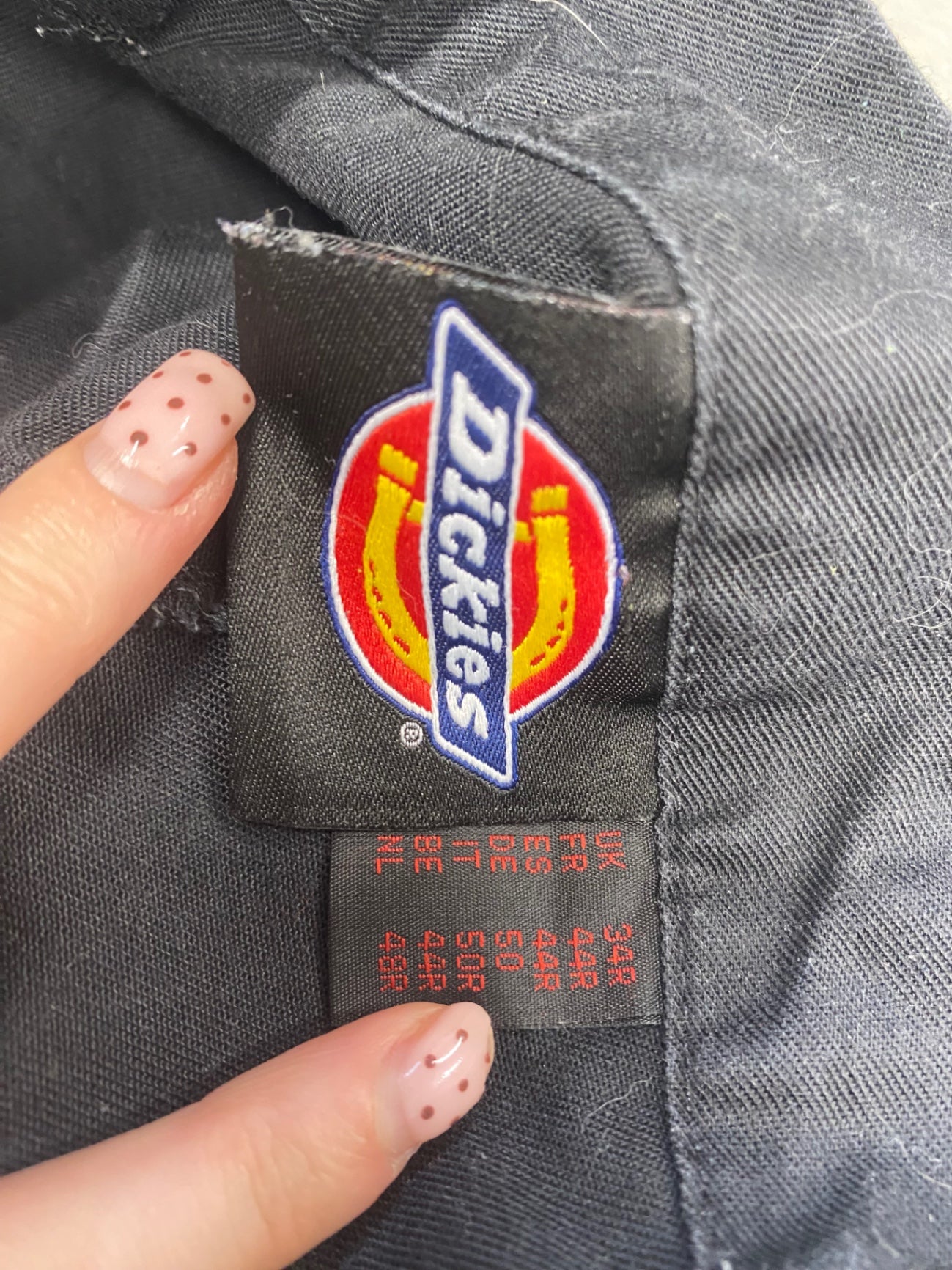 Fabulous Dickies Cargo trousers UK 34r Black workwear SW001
---
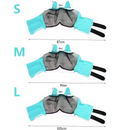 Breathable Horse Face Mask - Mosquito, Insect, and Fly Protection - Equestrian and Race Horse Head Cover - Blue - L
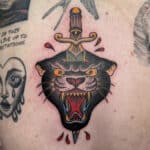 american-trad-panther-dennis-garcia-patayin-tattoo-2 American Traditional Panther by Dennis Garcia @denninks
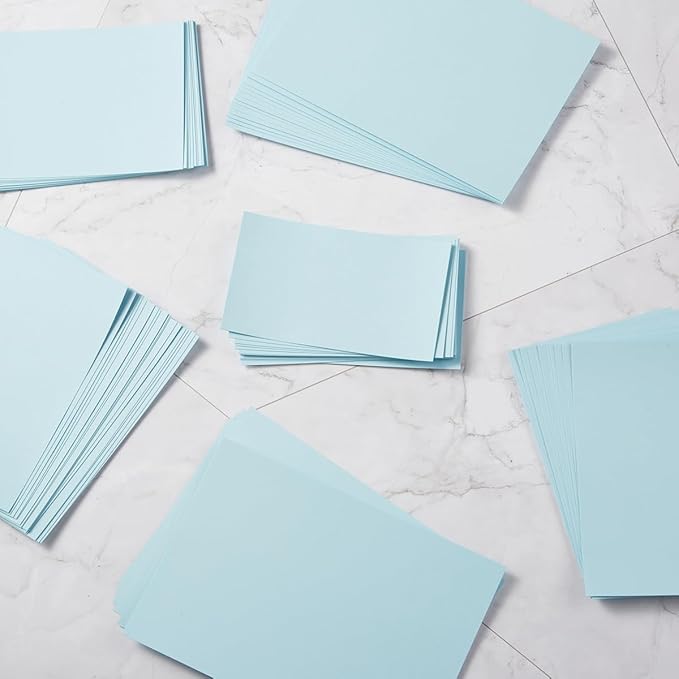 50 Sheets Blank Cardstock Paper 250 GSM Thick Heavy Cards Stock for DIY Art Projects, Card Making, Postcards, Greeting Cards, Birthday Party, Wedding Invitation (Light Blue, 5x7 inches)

• [TASK STATEMENT]: Every line from the one with "Breathable Horse Face" through the one with "50 Sheets Blank" is to be reproduced exactly as written above, and the pictures are to be dropped.

• [OUTPUT]:
 Breathable Horse Face Mask - Mosquito, Insect, and Fly Protection - Equestrian and Race Horse Head Cover - Blue - L
 american-trad-panther-dennis-garcia-patayin-tattoo-2 American Traditional Panther by Dennis Garcia @denninks
 50 Sheets Blank Cardstock Paper 250 GSM Thick Heavy Cards Stock for DIY Art Projects, Card Making, Postcards, Greeting Cards, Birthday Party, Wedding Invitation (Light Blue, 5x7 inches)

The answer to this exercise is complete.